> _ACTIVITY_
Exactly the lines from the one containing "Recycling one ton" through the end of the listing must make up the answer, with no pictures included.

> _LISTED RECORDS_

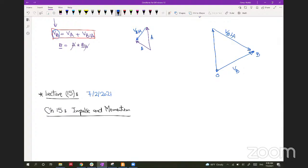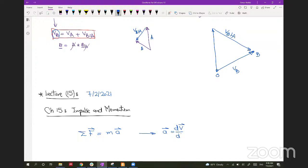If we look back at Newton's second equation, which has the sum of forces equal to mass multiplied by the acceleration vector, this is the equation we have been using over the last couple of weeks to solve problems in chapters 13 and 14. We have the acceleration equal to the time rate of change of velocity, dv/dt. If we plug this in, the sum of forces equals mass multiplied by dv/dt.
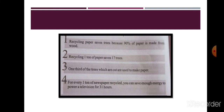Recycling one ton of paper can save 17 trees. One-third of trees that are cut are used to make paper, and for every one ton of newspaper recycled, you can save enough energy to power a television for 31 hours. Recycling means using something again and putting it back into a condition where it can be reused. Recycled paper is slightly less bright than a new notebook but is perfectly usable — use it for rough notebooks and promote recycling.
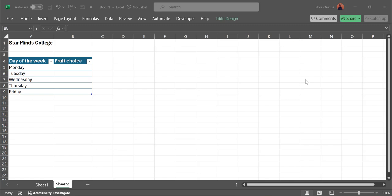This feature helps you control information entry in a cell. A typical example to apply this feature is: let's assume you run a school.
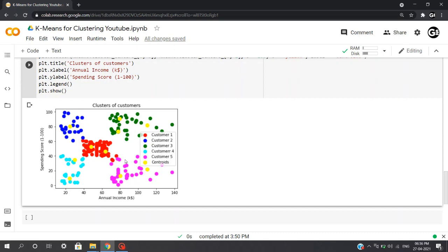Now for any company, the people from the red cluster are the target audience, since maximum people are included in the red cluster. Also, they have decent salary and spending as well. So the company will promote their products more with the customers included in the red cluster than the customers included in other clusters.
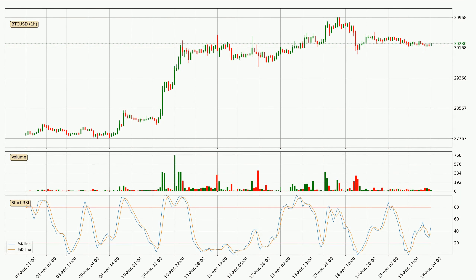Moving to the hourly stochastic RSI, the stochastic RSI currently shows no overbought or oversold conditions, but the %K line is over the %D line, which means the current trend is to the upside.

> _TASK RESPONSE_
Recycling one ton of paper can save 17 trees. One-third of trees that are cut are used to make paper, and for every one ton of newspaper recycled, you can save enough energy to power a television for 31 hours. Recycling means using something again and putting it back into a condition where it can be reused. Recycled paper is slightly less bright than a new notebook but is perfectly usable — use it for rough notebooks and promote recycling.
This feature helps you control information entry in a cell. A typical example to apply this feature is: let's assume you run a school.
Now for any company, the people from the red cluster are the target audience, since maximum people are included in the red cluster. Also, they have decent salary and spending as well. So the company will promote their products more with the customers included in the red cluster than the customers included in other clusters.
Moving to the hourly stochastic RSI, the stochastic RSI currently shows no overbought or oversold conditions, but the %K line is over the %D line, which means the current trend is to the upside.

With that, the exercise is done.